At that time, I had no idea what the array API was. From the merged PR, it seemed that the objective was simply to replace the NumPy abbreviation np with a more abstract term xp. However, I did not understand what this change meant for the scikit-learn codebase or why it was an objective. I looked up the meta-issue scikit-learn/scikit-learn/26024, which helped a little. Fortunately, ChatGPT was available at the time, so I used it to ask a few questions and better understand what the array API project was about. Together with Thomas Fan's presentation scikit-learn on GPUs with Array API from PyData NYC 2023, I learned about the purpose of the array API project and immediately became interested because I found it meaningful and impactful.

The array API project quickly became a mid-term goal for my work in scikit-learn, and I hope to see it completed. Under the mentorship of Adrin Jalali, Olivier Grisel, and Omar Salman, scikit-learn/scikit-learn/29709 was successfully merged into the main branch, and my future PRs gradually improved.

Reviewing Pull Requests

From Adrin during the Code 4 Thought interview scikit-learn: Software is People, I learned that every scikit-learn PR requires two approvals.
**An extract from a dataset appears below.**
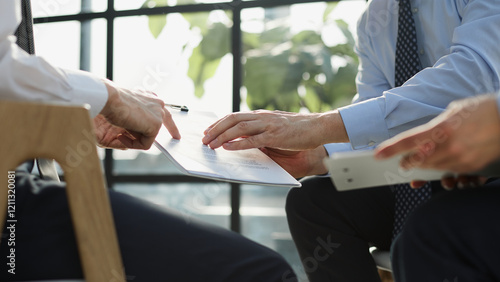 Two business employees reviewing documents in open folder.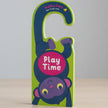 Children's book with a monkey design and 'Play Time' text on a green background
This helped me realise that contributors can support the project not only by writing code but also by reviewing and mentoring others.

At that time, I was still familiarising myself with the project standards and the contributing workflow, so I cherry-picked some simpler PRs to review. Fortunately, Adrin was managing the meta-issue scikit-learn/scikit-learn/26927, which aimed to onboard first-time contributors. Having gone through the same process while working on scikit-learn/scikit-learn/27913, I was able to provide constructive feedback to other first-time contributors by mimicking the feedback I had received from Maren and Adrin.
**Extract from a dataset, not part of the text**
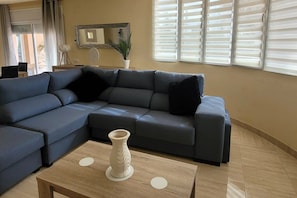 Relax in this stylish living room with a sofa, framed mirror, and potted plant.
Another PR I helped review was scikit-learn/scikit-learn/30059. It was reported that a broken image appeared on the scikit-learn website because some examples had been removed in a previously merged PR. Together with Guillaume Lemaitre and Charlie Xiao, we resolved the issue, from identifying the root cause to creating a fix and merging the PR within an hour.
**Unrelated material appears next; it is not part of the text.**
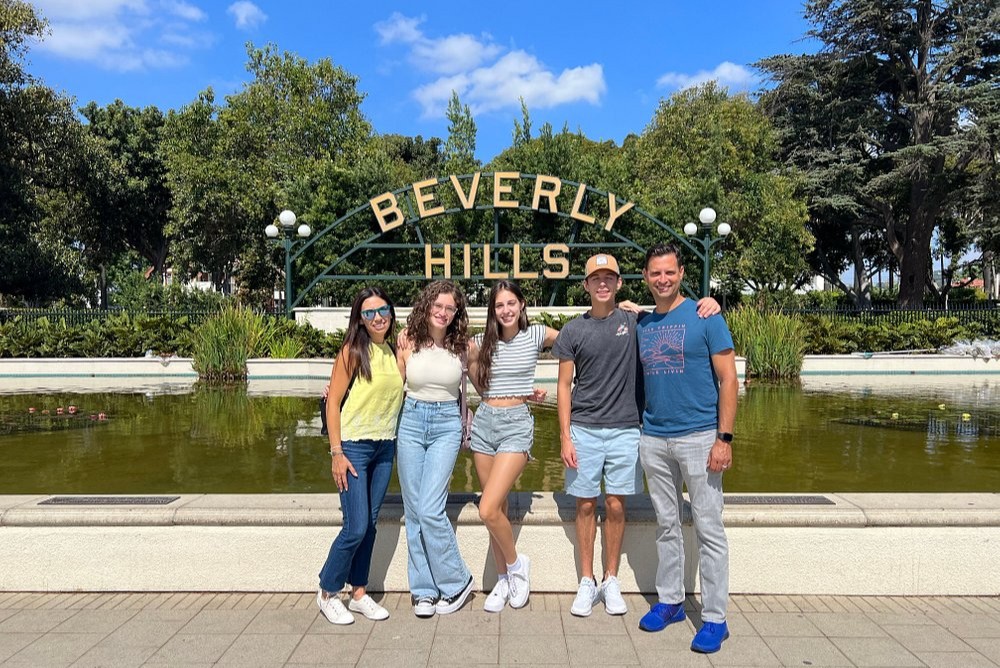 Happy family posing at famous Beverly Hills sign during daytime visit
This kind of collaboration created a strong sense of accomplishment and encouraged me to become more involved in the community, not only by creating PRs but also by reviewing them and participating in issue triaging. This created opportunities for me to interact regularly with both the core maintainers and the wider community.

The Future

I would like to see the completion of array API support in scikit-learn, and I know the best way to help achieve this is to stay actively involved in the project. Thanks to the tremendous work of Olivier Grisel, Omar Salman, Tim Head, Lucy Liu, and many other contributors, the project is progressing rapidly. Many scikit-learn estimators and functions now support GPU-backed arrays, with additional support on the way.

I would also like to become more involved in the CI/CD processes of the project, as well as the public release workflow.

Conclusion

In the Code 4 Thought interview scikit-learn: Software is People, Gael Varoquaux mentioned that he believes diversity of opinion leads to better software. scikit-learn demonstrates this principle well. When collaborating, the team consistently prioritises the long-term interests of the project—such as maintainability, numerical stability, and backward compatibility—over personal ambition or ego.

This is a quality I deeply admire. I am grateful that the team welcomed me and trusted me with greater responsibilities, and I look forward to continuing to contribute to the project and the community in the years ahead.